例年よりもずいぶん早く露天に並んでいる。
買って、湯がいて食べてみた。
美味しかった。柔らかく初夏の香りを感じた。
自分が、いつ地上に出てくるのか知っている。
誰にも教えてもらってないのに。
人間の都合でひょっこり頭を覗かせたりしない。
周りの環境をよく見て一斉に出てくる。
一人だけでは出てこない。
足並みが揃っている。
例年よりも遅い早いと言っているのは、人間だけ。
いつも通りに顔を覗かせみるみるうちに成長していく。
人間の都合なんてお構いなし。
何だか、「おかしい」と思っているのは、
人間だけ。自分の思い通りに動いてくれないから。
当たり前。人間も植物の都合なんて聞かない。
植物の都合を聞いて生産している。
なんて聞いた事がない。
植物の方が人間に合わせてくれている。
無理矢理に。

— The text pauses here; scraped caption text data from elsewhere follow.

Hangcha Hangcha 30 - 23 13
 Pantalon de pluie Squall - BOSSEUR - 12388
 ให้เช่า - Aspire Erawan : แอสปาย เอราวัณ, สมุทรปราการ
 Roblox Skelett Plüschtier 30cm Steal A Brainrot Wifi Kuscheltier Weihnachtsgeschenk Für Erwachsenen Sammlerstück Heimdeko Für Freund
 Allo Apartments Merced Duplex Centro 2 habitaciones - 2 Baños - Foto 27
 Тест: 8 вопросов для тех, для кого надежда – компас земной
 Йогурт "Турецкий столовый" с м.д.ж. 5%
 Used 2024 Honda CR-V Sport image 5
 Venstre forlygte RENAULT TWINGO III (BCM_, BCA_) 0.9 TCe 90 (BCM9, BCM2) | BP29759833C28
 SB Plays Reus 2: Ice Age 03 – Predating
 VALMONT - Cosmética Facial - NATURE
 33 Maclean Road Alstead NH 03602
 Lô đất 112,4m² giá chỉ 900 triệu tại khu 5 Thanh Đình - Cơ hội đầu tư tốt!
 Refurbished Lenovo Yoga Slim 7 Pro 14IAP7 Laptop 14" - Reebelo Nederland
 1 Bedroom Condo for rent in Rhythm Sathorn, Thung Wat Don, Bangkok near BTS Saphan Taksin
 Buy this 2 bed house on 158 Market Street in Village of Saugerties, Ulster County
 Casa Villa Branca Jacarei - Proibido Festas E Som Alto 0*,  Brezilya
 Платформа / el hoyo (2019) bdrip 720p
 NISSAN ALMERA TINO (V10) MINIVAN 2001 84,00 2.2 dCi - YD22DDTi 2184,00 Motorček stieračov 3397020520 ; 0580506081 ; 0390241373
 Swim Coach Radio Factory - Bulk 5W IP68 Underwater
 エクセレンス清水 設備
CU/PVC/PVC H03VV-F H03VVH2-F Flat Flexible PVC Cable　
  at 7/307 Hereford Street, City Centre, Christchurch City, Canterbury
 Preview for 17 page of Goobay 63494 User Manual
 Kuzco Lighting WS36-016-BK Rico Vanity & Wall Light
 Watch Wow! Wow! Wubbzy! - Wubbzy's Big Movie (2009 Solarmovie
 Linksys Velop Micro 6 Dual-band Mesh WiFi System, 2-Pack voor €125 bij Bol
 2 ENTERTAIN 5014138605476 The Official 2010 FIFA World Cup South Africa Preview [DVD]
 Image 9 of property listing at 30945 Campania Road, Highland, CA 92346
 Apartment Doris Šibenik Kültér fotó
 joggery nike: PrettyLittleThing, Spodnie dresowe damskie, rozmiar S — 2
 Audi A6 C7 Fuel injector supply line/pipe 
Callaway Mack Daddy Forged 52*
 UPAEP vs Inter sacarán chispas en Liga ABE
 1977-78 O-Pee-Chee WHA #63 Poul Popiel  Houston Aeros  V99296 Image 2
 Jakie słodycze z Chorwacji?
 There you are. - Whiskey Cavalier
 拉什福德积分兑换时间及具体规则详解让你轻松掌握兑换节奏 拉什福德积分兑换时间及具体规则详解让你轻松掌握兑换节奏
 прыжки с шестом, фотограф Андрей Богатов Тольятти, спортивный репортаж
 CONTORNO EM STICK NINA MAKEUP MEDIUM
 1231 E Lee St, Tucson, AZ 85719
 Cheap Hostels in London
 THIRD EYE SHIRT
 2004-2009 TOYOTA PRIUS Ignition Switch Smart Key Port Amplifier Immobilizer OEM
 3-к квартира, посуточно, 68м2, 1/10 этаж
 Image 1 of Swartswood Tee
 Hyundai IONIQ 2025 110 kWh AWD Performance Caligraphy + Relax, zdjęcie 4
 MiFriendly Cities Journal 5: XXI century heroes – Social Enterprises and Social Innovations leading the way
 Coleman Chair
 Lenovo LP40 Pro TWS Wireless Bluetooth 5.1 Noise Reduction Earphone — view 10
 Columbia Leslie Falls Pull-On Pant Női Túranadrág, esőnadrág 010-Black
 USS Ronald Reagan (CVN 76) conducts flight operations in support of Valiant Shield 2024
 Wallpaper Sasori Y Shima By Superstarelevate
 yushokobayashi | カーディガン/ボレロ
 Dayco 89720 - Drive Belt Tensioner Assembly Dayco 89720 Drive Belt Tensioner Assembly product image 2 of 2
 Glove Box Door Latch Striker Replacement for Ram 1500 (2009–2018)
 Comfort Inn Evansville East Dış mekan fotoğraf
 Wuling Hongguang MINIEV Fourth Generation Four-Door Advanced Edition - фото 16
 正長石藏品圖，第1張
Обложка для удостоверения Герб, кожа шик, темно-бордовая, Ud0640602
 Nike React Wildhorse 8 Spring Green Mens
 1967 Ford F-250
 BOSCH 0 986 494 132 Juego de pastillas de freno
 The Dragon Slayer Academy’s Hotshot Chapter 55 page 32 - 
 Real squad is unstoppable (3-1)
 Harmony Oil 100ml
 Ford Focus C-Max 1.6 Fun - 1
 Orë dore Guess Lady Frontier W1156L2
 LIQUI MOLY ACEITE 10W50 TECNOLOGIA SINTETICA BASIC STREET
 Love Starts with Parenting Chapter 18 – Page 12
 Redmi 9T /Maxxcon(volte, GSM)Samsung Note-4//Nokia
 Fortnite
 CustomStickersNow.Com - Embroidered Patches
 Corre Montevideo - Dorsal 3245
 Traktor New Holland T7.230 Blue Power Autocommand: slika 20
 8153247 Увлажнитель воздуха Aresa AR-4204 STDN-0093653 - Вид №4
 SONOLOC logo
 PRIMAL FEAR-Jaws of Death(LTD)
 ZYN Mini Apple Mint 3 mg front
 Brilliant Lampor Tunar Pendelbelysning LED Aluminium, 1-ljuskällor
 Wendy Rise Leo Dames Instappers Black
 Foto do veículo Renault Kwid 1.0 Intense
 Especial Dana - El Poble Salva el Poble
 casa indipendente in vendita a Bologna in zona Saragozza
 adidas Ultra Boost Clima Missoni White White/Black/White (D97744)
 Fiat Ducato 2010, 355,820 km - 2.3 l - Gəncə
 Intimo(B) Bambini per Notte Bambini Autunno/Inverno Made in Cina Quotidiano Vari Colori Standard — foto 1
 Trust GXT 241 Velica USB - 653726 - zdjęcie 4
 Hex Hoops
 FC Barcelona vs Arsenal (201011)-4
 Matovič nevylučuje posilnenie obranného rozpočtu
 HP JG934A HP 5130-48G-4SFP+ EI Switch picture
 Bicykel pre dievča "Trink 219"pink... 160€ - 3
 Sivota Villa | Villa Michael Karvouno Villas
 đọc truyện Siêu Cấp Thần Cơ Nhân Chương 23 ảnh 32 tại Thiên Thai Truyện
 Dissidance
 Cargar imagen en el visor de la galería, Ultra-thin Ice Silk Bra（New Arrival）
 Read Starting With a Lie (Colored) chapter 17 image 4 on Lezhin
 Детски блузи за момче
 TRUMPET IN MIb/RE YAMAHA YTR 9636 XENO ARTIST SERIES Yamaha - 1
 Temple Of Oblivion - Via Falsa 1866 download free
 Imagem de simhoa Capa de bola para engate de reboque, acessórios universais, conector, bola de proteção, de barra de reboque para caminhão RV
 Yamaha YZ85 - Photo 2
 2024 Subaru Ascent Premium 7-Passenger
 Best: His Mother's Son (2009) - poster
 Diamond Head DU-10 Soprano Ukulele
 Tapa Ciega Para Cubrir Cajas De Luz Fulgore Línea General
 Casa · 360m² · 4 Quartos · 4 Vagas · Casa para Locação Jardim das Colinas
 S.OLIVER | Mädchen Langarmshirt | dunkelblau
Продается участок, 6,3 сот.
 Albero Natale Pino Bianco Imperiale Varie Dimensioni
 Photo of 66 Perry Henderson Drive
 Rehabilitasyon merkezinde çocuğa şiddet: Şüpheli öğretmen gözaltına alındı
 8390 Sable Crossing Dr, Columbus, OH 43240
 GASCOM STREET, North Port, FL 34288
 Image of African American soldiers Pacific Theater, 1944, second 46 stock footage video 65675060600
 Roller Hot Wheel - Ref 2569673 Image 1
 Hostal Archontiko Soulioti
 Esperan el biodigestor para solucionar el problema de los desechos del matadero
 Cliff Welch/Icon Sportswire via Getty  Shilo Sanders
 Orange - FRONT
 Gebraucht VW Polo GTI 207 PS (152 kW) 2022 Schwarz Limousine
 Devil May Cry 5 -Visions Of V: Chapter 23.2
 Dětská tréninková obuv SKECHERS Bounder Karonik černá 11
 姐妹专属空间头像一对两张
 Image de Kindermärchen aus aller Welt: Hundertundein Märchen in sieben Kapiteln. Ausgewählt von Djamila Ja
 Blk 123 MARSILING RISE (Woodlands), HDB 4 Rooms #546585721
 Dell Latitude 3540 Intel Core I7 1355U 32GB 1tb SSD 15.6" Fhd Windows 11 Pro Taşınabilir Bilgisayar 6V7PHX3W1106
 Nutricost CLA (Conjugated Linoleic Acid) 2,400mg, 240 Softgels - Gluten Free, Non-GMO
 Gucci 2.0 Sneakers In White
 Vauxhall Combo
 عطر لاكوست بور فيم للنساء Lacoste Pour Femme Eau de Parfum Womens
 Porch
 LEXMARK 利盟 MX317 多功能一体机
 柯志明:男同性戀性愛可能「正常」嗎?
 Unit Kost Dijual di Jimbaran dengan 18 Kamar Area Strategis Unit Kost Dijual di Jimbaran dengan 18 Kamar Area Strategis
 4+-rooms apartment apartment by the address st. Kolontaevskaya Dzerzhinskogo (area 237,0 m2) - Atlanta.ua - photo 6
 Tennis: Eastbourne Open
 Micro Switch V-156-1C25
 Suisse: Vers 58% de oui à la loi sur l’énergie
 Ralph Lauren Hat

あのてこのてで人間の都合で。
そんなんことをされたら植物だって
たまった物じゃない。
「大事に育ててます」
人間の都合にあった物だけを丁寧に
育てているように見える。
一度人間の役に立たない「害になる」
とわかったらなんとかして
その場からいなくなるようにしてしまう。
「勝手だなーと思う」
私が自然だったらきっと呆れかえるに違いない。
「勝手なことばかり言いやがて」
文句の一つも言いたくなる。
自然は、優しいので文句も言わない。
ただ自分の世界を一生懸命生きている。
季節が来れば花は、咲く
時が来れば新芽が出る。
寒くなれば葉っぱを落とす。
自然は、自分が何をすれば良いのか
知っている。
偉いなと思う。
動けないからその場でじっと
踏ん張っている。
そんなひたむきな姿を覗かせてくれる。
読んでいただきありがとうございました。
自然の声が聞こえますうように。